:: Assignment ::
Leaving out every image, restate all the records word for word.
****************
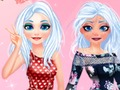 Trò chơi Công chúa Ngày Valentine Cá trê trực tuyến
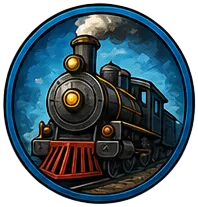 Trains & Rail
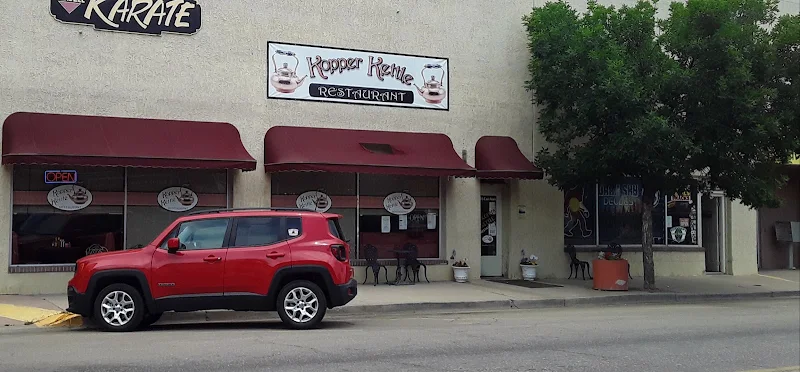 Kopper Kettle Restaurant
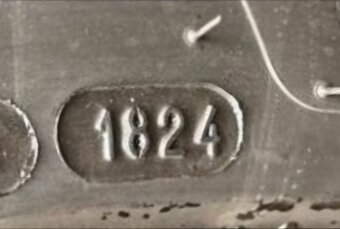 Michelin Primacy 4, 205 45 17, 205/45/17 - 5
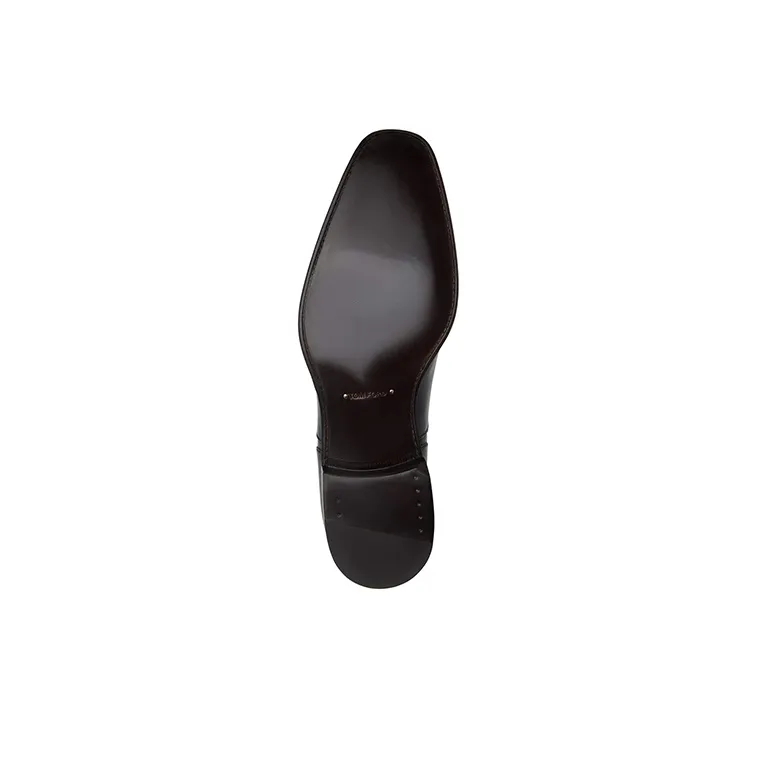 TOM FORD Claydon Casual Shoes Men's Black-4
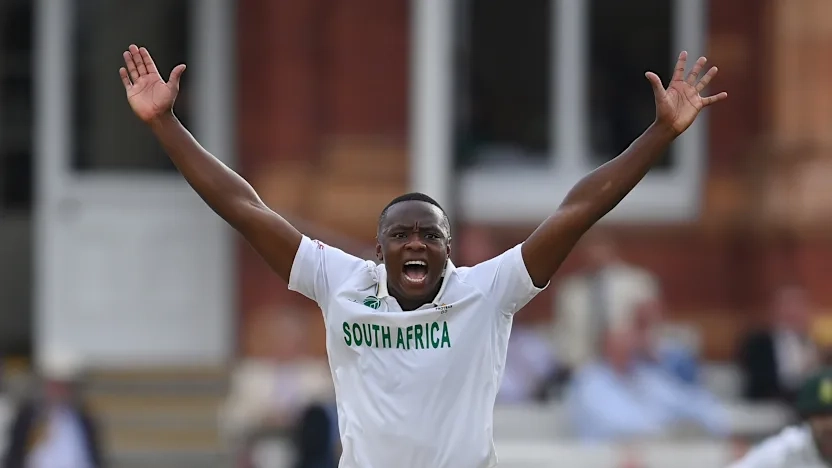 LIVE: All eyes on Lord's for Day 3 of WTC25 Final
****************
:: Exercise solution ::
 Trò chơi Công chúa Ngày Valentine Cá trê trực tuyến
 Trains & Rail
 Kopper Kettle Restaurant
 Michelin Primacy 4, 205 45 17, 205/45/17 - 5
 TOM FORD Claydon Casual Shoes Men's Black-4
 LIVE: All eyes on Lord's for Day 3 of WTC25 Final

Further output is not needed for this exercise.